Input records:

----------

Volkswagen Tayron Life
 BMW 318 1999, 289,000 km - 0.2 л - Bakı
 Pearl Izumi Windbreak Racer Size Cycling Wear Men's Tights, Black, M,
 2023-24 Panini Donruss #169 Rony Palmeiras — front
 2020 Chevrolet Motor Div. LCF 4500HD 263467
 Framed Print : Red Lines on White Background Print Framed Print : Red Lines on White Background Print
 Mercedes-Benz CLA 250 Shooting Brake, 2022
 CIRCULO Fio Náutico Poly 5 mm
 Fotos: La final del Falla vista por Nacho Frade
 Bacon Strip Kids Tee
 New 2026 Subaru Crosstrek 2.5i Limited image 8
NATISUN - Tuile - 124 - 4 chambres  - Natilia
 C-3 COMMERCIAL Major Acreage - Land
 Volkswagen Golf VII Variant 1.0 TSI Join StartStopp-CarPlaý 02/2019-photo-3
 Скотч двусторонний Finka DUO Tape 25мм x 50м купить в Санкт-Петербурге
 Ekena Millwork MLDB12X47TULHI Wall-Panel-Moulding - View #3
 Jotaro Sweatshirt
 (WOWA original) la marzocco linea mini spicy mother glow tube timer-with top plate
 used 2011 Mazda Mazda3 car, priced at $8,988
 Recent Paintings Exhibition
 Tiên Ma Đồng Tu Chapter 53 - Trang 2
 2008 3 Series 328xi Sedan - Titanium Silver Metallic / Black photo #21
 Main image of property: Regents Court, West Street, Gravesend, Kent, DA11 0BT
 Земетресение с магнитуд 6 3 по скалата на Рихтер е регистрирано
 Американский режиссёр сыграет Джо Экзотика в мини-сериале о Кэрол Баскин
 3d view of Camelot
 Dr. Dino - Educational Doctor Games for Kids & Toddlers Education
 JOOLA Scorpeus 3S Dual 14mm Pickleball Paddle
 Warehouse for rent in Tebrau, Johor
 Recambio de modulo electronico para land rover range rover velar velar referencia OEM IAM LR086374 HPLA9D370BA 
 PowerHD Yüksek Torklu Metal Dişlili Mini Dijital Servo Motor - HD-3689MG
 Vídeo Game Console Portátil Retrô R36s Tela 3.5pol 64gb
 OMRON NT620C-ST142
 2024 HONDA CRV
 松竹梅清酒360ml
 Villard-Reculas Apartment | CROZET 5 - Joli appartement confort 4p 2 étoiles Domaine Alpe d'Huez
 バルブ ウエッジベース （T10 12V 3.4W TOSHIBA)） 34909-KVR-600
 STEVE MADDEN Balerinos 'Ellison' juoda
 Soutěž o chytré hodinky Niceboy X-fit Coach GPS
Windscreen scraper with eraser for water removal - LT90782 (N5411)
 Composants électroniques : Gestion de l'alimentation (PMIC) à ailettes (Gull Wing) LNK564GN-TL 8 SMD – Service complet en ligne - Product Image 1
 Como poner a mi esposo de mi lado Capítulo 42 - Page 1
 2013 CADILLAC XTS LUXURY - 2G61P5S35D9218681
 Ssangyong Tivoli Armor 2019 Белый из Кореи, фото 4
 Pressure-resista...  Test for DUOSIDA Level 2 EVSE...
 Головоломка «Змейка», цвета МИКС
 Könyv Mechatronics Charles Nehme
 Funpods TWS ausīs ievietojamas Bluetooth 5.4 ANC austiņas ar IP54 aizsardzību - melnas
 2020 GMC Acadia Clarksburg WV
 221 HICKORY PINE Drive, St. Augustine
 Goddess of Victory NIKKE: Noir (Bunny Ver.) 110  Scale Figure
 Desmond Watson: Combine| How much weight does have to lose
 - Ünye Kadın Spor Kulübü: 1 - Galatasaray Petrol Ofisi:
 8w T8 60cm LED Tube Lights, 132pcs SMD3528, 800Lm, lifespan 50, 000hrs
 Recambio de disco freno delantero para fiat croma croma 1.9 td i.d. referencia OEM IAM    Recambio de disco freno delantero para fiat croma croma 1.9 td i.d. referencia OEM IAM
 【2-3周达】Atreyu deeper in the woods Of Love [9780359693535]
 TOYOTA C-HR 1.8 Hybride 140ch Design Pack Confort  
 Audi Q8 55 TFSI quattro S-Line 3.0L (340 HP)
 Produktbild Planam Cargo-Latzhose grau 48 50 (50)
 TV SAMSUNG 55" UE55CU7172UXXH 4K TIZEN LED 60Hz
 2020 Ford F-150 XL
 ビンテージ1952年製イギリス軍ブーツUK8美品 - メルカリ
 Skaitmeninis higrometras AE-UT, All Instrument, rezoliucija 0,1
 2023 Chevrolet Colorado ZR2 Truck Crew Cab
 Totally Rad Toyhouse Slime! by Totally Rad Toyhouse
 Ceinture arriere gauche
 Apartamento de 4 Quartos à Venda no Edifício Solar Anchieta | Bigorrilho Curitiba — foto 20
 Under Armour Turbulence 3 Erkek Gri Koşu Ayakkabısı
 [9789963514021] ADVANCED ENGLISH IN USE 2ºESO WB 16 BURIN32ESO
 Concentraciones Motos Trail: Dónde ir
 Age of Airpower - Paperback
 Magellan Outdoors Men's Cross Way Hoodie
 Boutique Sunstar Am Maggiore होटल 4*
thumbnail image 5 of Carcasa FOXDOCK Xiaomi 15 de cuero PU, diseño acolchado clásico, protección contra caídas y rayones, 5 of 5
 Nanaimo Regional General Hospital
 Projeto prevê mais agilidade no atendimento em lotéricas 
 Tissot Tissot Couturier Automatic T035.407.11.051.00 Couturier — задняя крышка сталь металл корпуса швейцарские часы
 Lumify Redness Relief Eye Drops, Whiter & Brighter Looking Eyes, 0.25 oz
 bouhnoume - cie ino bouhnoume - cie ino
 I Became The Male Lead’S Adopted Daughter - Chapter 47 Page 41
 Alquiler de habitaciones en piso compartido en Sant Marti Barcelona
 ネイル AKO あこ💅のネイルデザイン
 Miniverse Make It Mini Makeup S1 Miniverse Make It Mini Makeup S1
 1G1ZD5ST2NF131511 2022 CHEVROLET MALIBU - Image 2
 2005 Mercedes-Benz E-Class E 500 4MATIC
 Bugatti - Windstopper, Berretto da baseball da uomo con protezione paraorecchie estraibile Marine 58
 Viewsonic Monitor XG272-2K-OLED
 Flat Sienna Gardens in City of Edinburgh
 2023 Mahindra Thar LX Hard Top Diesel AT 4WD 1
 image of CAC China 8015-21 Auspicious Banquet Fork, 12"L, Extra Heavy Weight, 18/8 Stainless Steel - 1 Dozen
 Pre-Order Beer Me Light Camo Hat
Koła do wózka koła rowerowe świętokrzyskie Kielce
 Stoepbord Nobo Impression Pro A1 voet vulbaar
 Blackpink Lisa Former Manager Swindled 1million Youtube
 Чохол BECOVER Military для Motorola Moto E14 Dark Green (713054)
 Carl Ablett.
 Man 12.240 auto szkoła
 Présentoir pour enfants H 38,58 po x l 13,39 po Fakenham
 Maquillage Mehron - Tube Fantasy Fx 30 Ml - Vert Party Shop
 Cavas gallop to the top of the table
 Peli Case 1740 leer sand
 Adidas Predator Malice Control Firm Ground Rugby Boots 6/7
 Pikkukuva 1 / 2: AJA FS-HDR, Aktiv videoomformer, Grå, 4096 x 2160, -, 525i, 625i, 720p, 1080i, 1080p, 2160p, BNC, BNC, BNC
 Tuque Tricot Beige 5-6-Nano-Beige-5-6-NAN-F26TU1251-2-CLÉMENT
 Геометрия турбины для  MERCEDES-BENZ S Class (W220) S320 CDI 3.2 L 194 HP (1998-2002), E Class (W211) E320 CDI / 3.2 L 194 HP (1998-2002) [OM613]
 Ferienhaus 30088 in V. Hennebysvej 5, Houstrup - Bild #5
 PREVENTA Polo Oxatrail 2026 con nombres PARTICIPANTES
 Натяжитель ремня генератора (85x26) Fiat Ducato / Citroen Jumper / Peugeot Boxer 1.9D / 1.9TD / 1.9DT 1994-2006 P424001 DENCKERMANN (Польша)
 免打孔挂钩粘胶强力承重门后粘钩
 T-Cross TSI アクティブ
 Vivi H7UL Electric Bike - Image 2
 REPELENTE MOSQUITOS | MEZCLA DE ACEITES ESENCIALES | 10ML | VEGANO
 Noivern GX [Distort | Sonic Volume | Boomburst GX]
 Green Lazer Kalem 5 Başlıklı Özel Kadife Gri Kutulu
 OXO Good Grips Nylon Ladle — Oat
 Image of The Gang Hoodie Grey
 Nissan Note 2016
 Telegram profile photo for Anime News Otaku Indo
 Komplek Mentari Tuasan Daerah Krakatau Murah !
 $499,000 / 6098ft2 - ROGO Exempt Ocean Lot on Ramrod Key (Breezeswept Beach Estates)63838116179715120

----------

Exercise requirements: This exercise calls for the lines from the one holding "Adidas Predator Malice" through the end of the entries, transcribed exactly and with nothing more.

Finished exercise:
 Adidas Predator Malice Control Firm Ground Rugby Boots 6/7
 Pikkukuva 1 / 2: AJA FS-HDR, Aktiv videoomformer, Grå, 4096 x 2160, -, 525i, 625i, 720p, 1080i, 1080p, 2160p, BNC, BNC, BNC
 Tuque Tricot Beige 5-6-Nano-Beige-5-6-NAN-F26TU1251-2-CLÉMENT
 Геометрия турбины для  MERCEDES-BENZ S Class (W220) S320 CDI 3.2 L 194 HP (1998-2002), E Class (W211) E320 CDI / 3.2 L 194 HP (1998-2002) [OM613]
 Ferienhaus 30088 in V. Hennebysvej 5, Houstrup - Bild #5
 PREVENTA Polo Oxatrail 2026 con nombres PARTICIPANTES
 Натяжитель ремня генератора (85x26) Fiat Ducato / Citroen Jumper / Peugeot Boxer 1.9D / 1.9TD / 1.9DT 1994-2006 P424001 DENCKERMANN (Польша)
 免打孔挂钩粘胶强力承重门后粘钩
 T-Cross TSI アクティブ
 Vivi H7UL Electric Bike - Image 2
 REPELENTE MOSQUITOS | MEZCLA DE ACEITES ESENCIALES | 10ML | VEGANO
 Noivern GX [Distort | Sonic Volume | Boomburst GX]
 Green Lazer Kalem 5 Başlıklı Özel Kadife Gri Kutulu
 OXO Good Grips Nylon Ladle — Oat
 Image of The Gang Hoodie Grey
 Nissan Note 2016
 Telegram profile photo for Anime News Otaku Indo
 Komplek Mentari Tuasan Daerah Krakatau Murah !
 $499,000 / 6098ft2 - ROGO Exempt Ocean Lot on Ramrod Key (Breezeswept Beach Estates)63838116179715120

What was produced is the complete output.